What is expected: Transcribe every entry that follows exactly, omitting all pictures.

*** Opening Data for the task ***

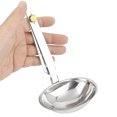 thumbnail image 4 of Cuillère à Soupe Pliante Portable en Acier Inoxydable pour Cuisiner en Voyage, 4 of 7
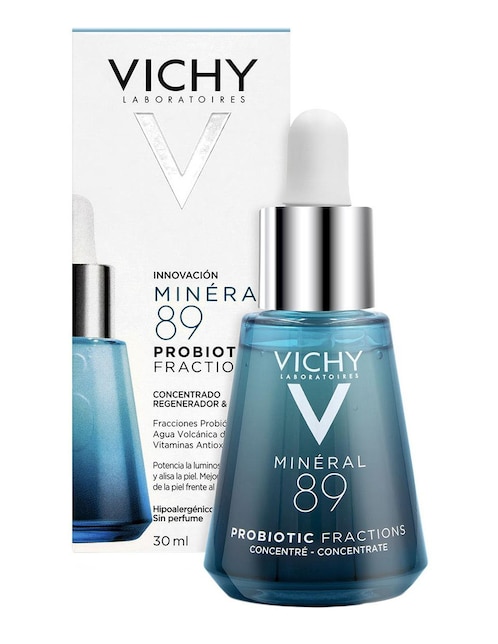 Serum hidratante facial Minéral 89 Probiotic fractions Vichy de piel seca 30 ml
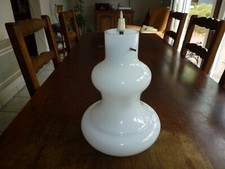 LAMPE ABAT-JOUR OPALINE BLANCHE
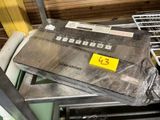 an image of a machine that has been wrapped in plastic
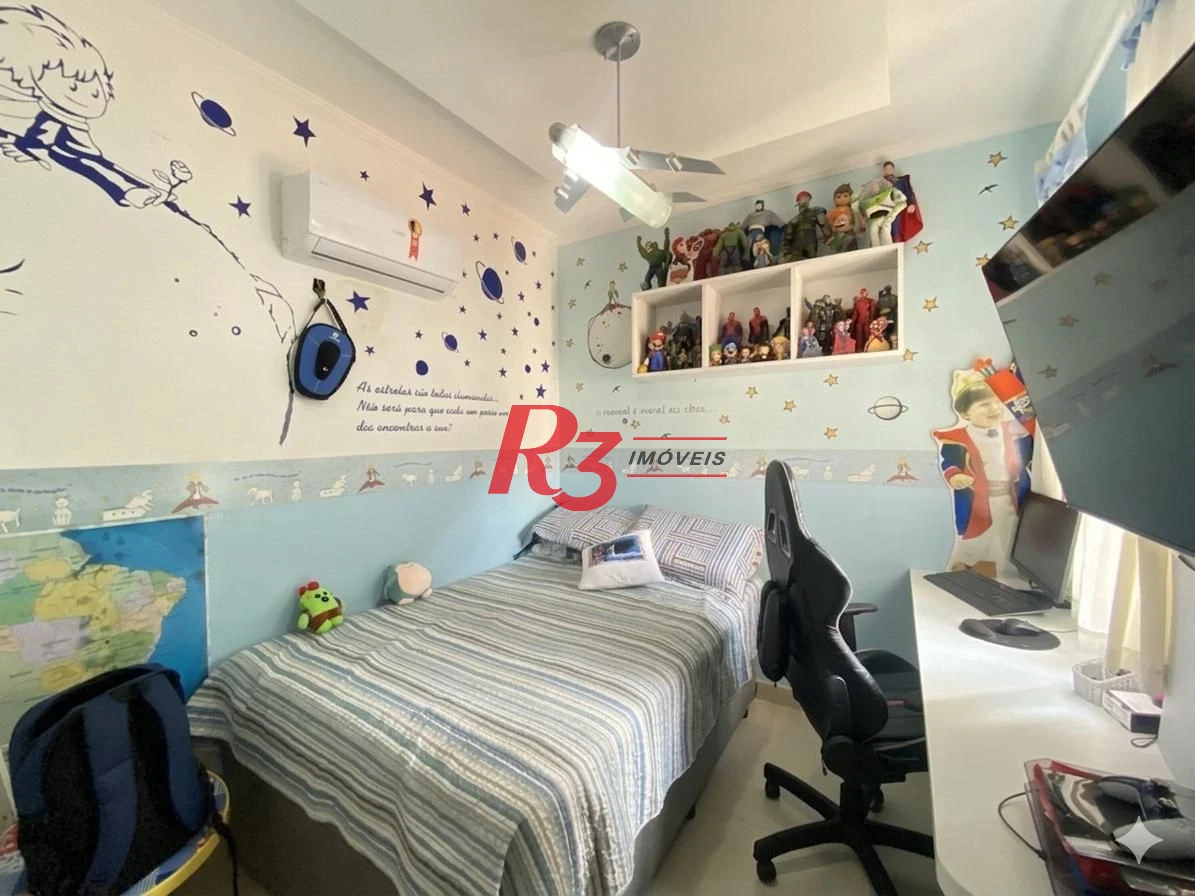 Apartamento com 4 dormitórios à venda, 131 m² por R$ 1.500.000,00 - Marapé - Santos/SP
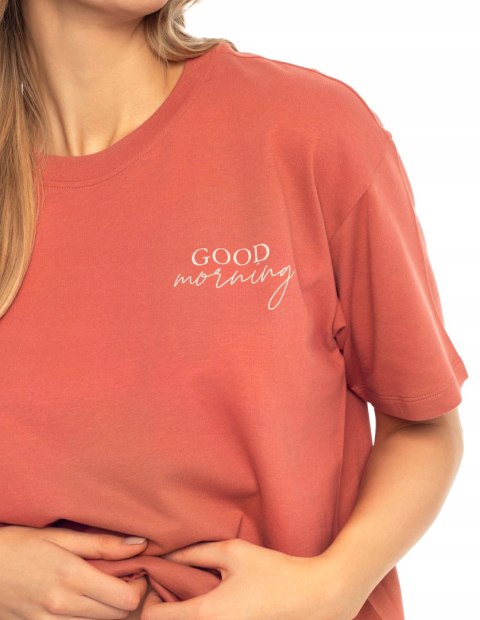 Piżama damska letnia 100% BAWEŁNA z krótkim rękawem HENDERSON ABSTRACT - L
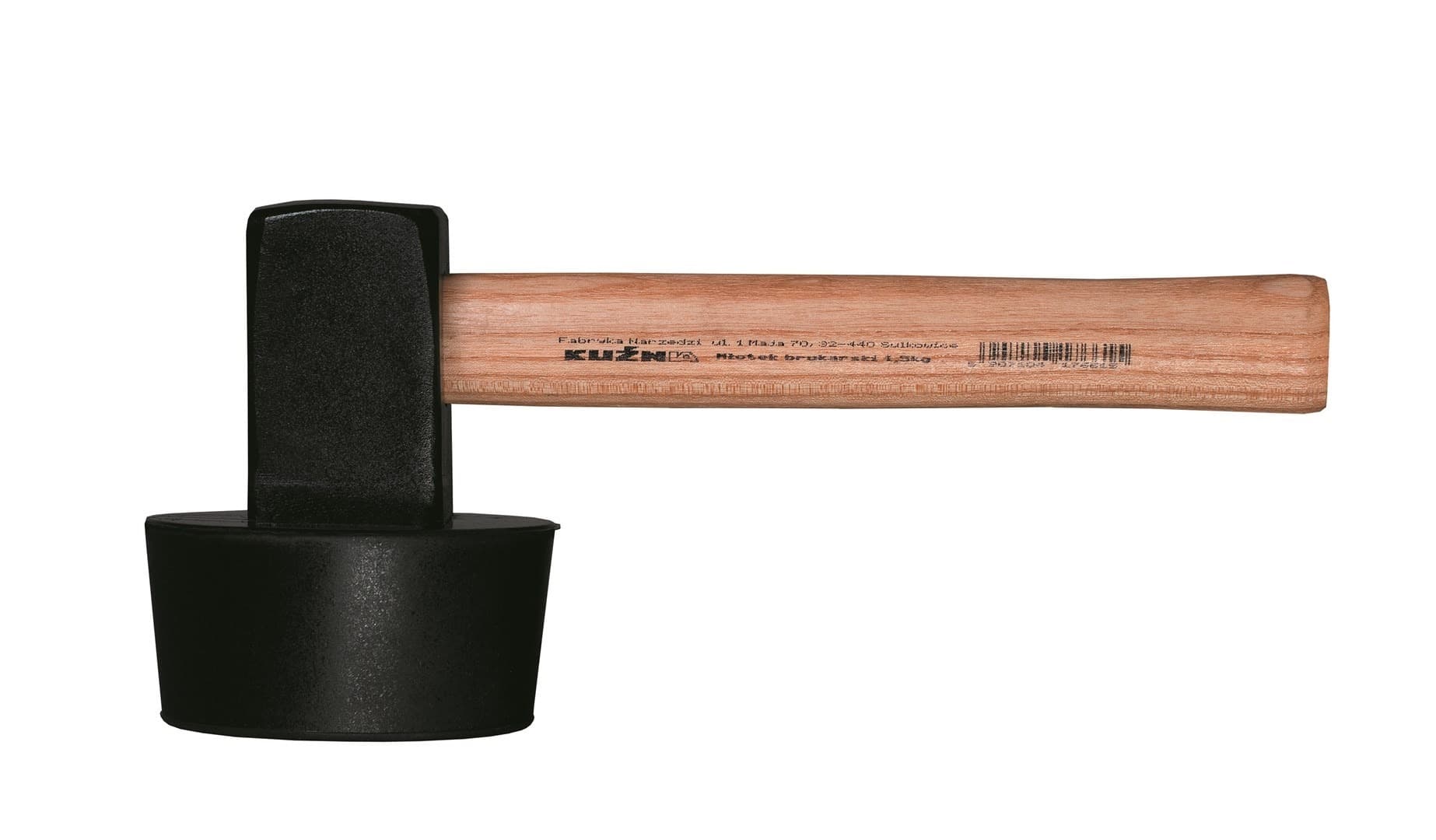 Młotek brukarski z gumą 1,5 kg długość 400 mm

*** Closing Data for the task ***

Task output:
 thumbnail image 4 of Cuillère à Soupe Pliante Portable en Acier Inoxydable pour Cuisiner en Voyage, 4 of 7
 Serum hidratante facial Minéral 89 Probiotic fractions Vichy de piel seca 30 ml
 LAMPE ABAT-JOUR OPALINE BLANCHE
 an image of a machine that has been wrapped in plastic
 Apartamento com 4 dormitórios à venda, 131 m² por R$ 1.500.000,00 - Marapé - Santos/SP
 Piżama damska letnia 100% BAWEŁNA z krótkim rękawem HENDERSON ABSTRACT - L
 Młotek brukarski z gumą 1,5 kg długość 400 mm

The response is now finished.